Título: Renunciar nesta hora é um ato de covardia
Autor: Doca, Geralda e Fadul, Sergio
Fonte: O Globo, 29/07/2007, O País, p. 14

Presidente da Anac afirma que seu cargo não é político e que a lei que criou as agências tem que ser cumprida.

Apontado como um dos vilões do caos que atinge o setor aéreo há mais de dez meses, marcado por duas tragédias que mataram mais de 350 pessoas, o presidente da Agência Nacional de Aviação Civil (Anac), Milton Zuanazzi, afirma que renunciar ao cargo seria um ato de covardia que não cometerá. No mesmo momento em que o novo ministro da Defesa, Nelson Jobim, recebia o cargo de Waldir Pires, Zuanazzi dava entrevista ao GLOBO. "O senhor não vai à cerimônia do ministro Jobim?", perguntaram os repórteres para saber se a entrevista teria de ser rápida. "Não, acho mais importante essa conversa para tentar esclarecer as coisas", respondeu. Zuanazzi admite que a agência que preside não tem força de atuação, mas afirma que a culpa não é das pessoas que estão lá. Segundo ele, todas as agências reguladoras foram criadas dentro de um marco regulatório para o setor que deveriam supervisionar. A Anac, não. Durante a entrevista, Zuanazzi reclamou de ardência no estômago e tomou duas xícaras de chá de boldo. Geralda Doca, Sergio Fadul e Francisco Leali

A cabeça do senhor está a prêmio?

MILTON ZUANAZZI: Quem é que premia uma cabeça? Só pode premiar uma cabeça a lei, não pode ser um discurso.

O senhor já pensou em renunciar ao cargo?

ZUANAZZI: Renunciar nesta hora é um ato de covardia. Covardia com o povo brasileiro porque nós, mais do que ninguém, somos sabedores das soluções que podemos ter para o problema aéreo e também por estarmos entregando a alguém que não tenha essas soluções. É um ato de covardia com a gente mesmo. Eu não sou covarde comigo e não serei com o povo brasileiro. Não sou apegado a cargos, e o que me mantém na Anac não é esse apego, mas a responsabilidade. Seria irresponsabilidade eu simplesmente virar as costas e ir embora, na hora em que o país mais precisa de mim e do nosso trabalho.

Não foi essa convicção que fez o ex-ministro Waldir Pires resistir, e ele acabou se desgastando ainda mais?

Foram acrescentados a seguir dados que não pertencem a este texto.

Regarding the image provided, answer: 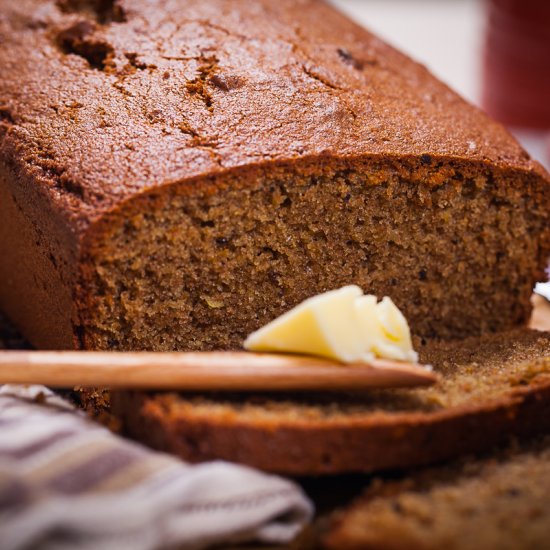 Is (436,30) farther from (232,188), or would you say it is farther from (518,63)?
(232,188)

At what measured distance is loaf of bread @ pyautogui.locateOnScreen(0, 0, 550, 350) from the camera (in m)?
2.89

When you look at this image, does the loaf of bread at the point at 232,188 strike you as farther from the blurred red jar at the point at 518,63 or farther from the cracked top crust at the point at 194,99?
the blurred red jar at the point at 518,63

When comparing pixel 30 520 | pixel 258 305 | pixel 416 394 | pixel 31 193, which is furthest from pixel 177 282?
pixel 30 520

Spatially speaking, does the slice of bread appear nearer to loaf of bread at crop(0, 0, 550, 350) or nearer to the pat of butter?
the pat of butter

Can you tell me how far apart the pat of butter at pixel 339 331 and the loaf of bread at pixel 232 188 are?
482 mm

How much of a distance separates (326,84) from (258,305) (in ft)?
2.88

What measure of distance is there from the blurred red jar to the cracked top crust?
1.96 meters

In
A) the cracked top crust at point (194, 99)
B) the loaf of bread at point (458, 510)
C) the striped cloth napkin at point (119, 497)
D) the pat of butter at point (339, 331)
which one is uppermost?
the cracked top crust at point (194, 99)

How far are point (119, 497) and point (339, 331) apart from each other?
0.79m

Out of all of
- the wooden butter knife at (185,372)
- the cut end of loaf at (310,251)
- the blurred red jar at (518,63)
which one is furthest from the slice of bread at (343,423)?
the blurred red jar at (518,63)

ZUANAZZI: O cargo do ministro é político, não é o nosso caso. Somos um órgão de Estado e, assim sendo, qualquer ato de renúncia ou é pessoal ou por improbidade administrativa. Se eu achasse que não devia mais ficar no cargo, não tomaria essa atitude porque seria uma covardia. A agência não quer ter papel político, mas também não quer se subjugar politicamente. Ela quer ter um papel de agência e responder por isso. Se a lei brasileira montada para as agências foi essa, ela tem que ser cumprida, inclusive nossos mandatos.

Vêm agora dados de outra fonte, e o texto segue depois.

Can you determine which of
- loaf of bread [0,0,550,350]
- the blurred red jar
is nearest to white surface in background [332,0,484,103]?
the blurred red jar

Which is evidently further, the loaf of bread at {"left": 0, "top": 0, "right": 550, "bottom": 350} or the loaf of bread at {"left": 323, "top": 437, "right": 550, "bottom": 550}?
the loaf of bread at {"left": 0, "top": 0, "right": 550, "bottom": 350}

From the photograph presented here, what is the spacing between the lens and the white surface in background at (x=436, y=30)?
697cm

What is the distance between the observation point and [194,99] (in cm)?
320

A diretoria da Anac está fechada em continuar e não renunciar?

ZUANAZZI: Estamos fechados. Há uma unidade significativa na diretoria. Os diretores estão com a mesma disposição de ser parte da solução, e não do problema.

E se alterarem a legislação para mudar a diretoria das agências, elas se descaracterizam?

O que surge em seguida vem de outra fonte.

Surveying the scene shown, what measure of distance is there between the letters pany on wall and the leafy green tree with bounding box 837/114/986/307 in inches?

ZUANAZZI: É melhor ela não existir se isso for possível. A finalidade maior das agências é dar estabilidade ao ambiente regulatório, ao investimento privado que recebeu a concessão pública. Quando o ambiente de concessão não é claro e fica sujeito a inferências políticas ou mudanças de humor, o investidor foge porque teme que essa mudança ocorra no meio do seu investimento.

Esses princípios não podem servir como uma estabilidade, independentemente da qualidade do trabalho?

ZUANAZZI: Sim. Por isso o marco regulatório é fundamental. É preciso ter um marco atualizado permanentemente, dando esses limites para você tirar a possibilidade daquele diretor daquela diretoria tomar medidas por sua conta e risco. O marco legal deve fixar os limites.

O ministro Jobim deixou claro que quem manda no setor aéreo é ele. A Anac perdeu força?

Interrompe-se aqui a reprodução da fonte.